» Pictures with short captions
• • •

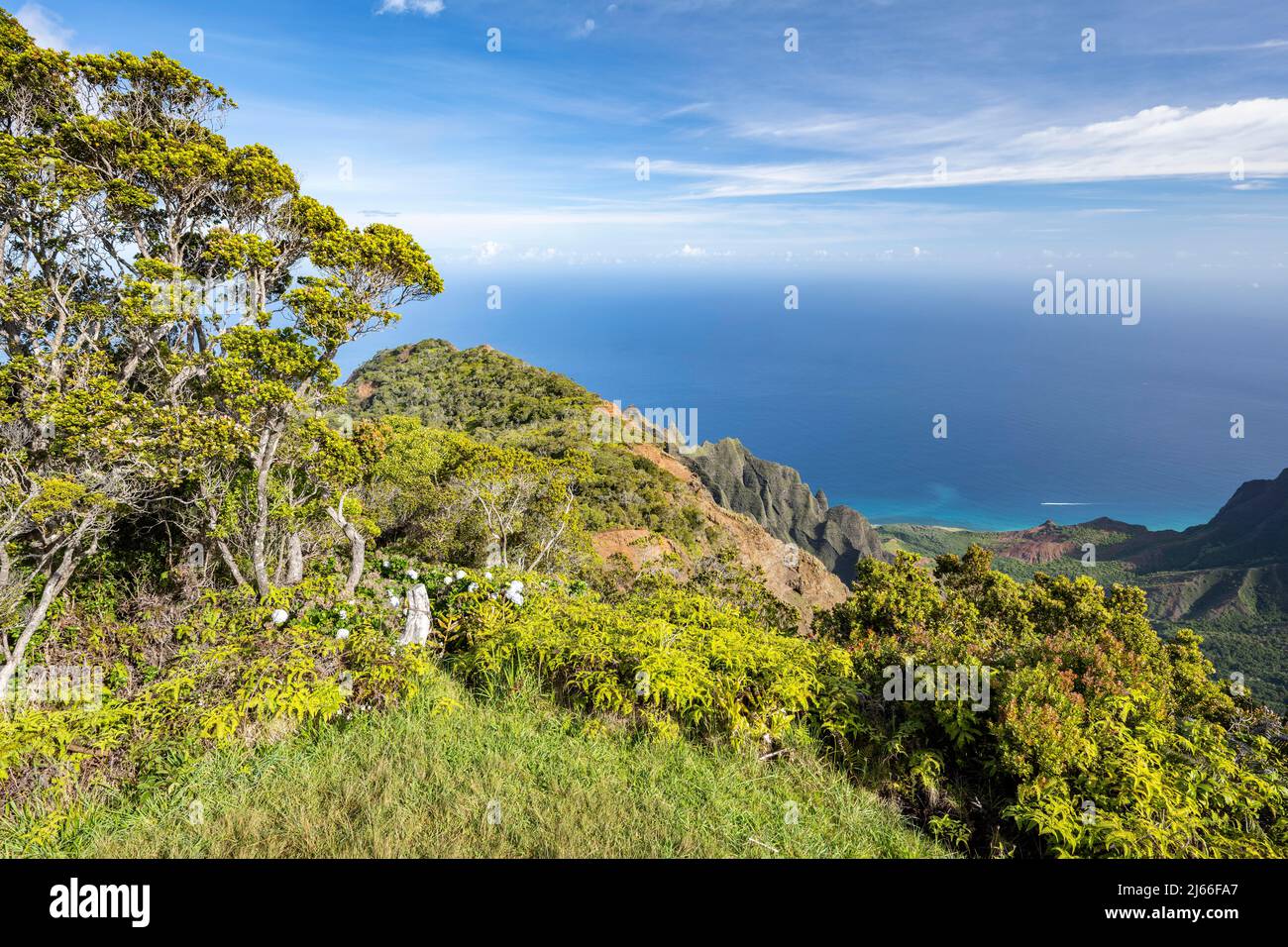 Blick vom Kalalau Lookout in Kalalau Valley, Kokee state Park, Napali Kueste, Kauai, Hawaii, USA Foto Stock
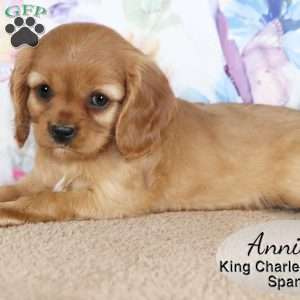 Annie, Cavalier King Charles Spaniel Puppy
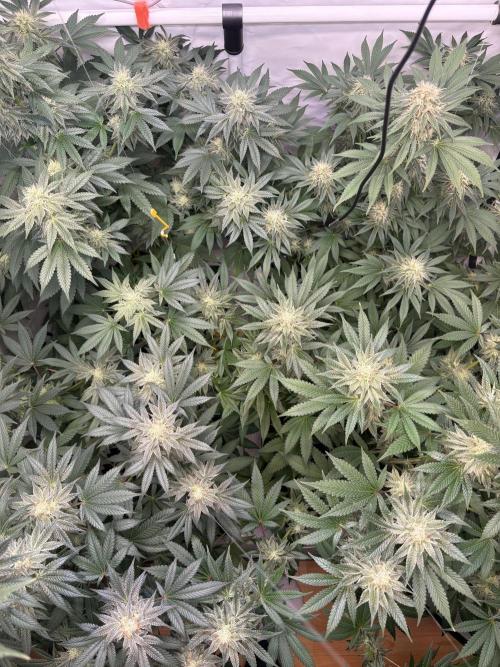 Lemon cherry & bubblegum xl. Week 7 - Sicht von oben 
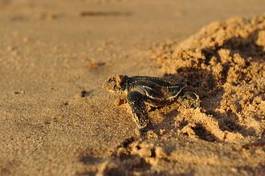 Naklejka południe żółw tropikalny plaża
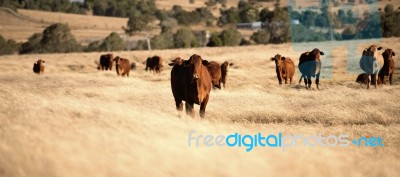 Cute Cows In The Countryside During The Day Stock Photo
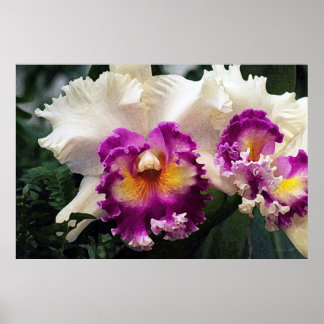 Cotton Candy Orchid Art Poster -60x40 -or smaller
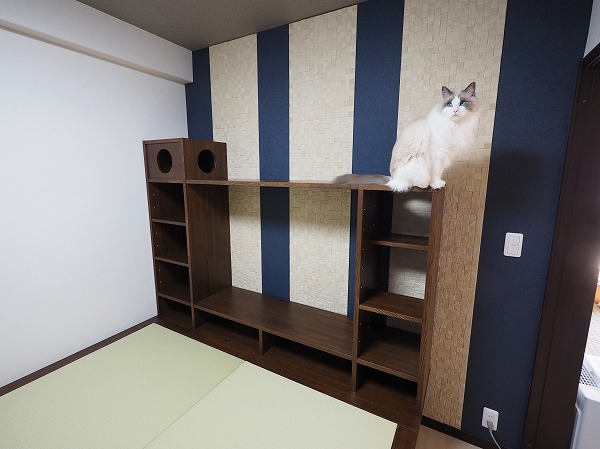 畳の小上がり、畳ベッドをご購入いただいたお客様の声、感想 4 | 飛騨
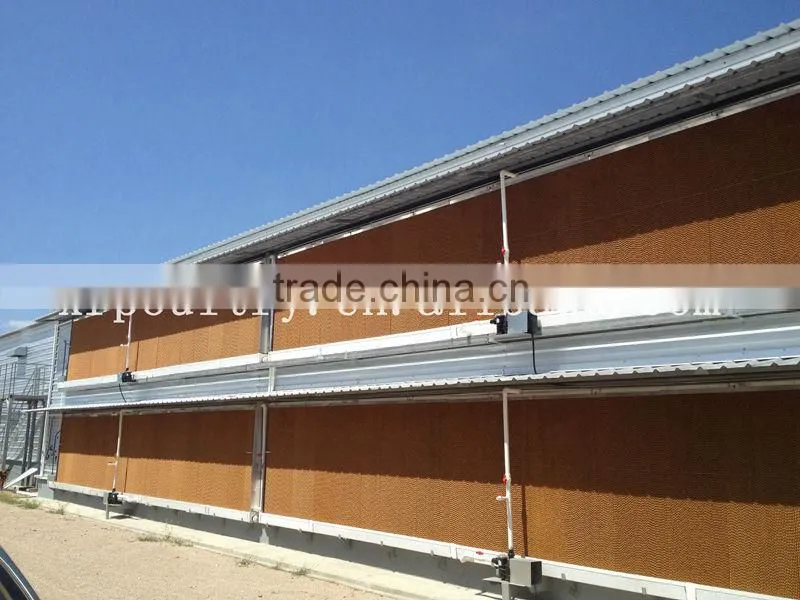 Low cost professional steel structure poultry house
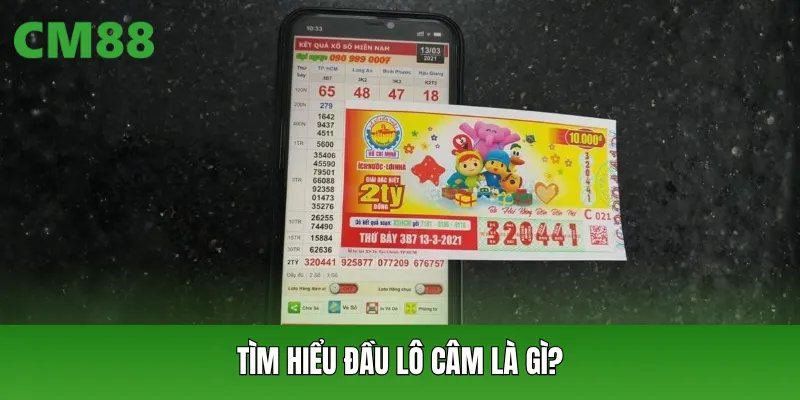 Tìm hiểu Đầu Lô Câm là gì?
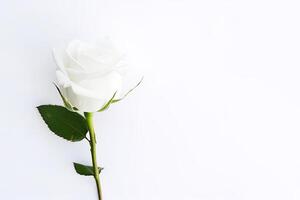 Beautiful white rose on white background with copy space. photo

• • •

» WHAT IS NEEDED
Keep the pictures out and repeat exactly the lines from the beginning of the data through the line that contains "Naklejka południe żółw tropikalny plaża", both ends included.

» SOLUTION TO THE EXERCISE
 Blick vom Kalalau Lookout in Kalalau Valley, Kokee state Park, Napali Kueste, Kauai, Hawaii, USA Foto Stock
 Annie, Cavalier King Charles Spaniel Puppy
 Lemon cherry & bubblegum xl. Week 7 - Sicht von oben 
 Naklejka południe żółw tropikalny plaża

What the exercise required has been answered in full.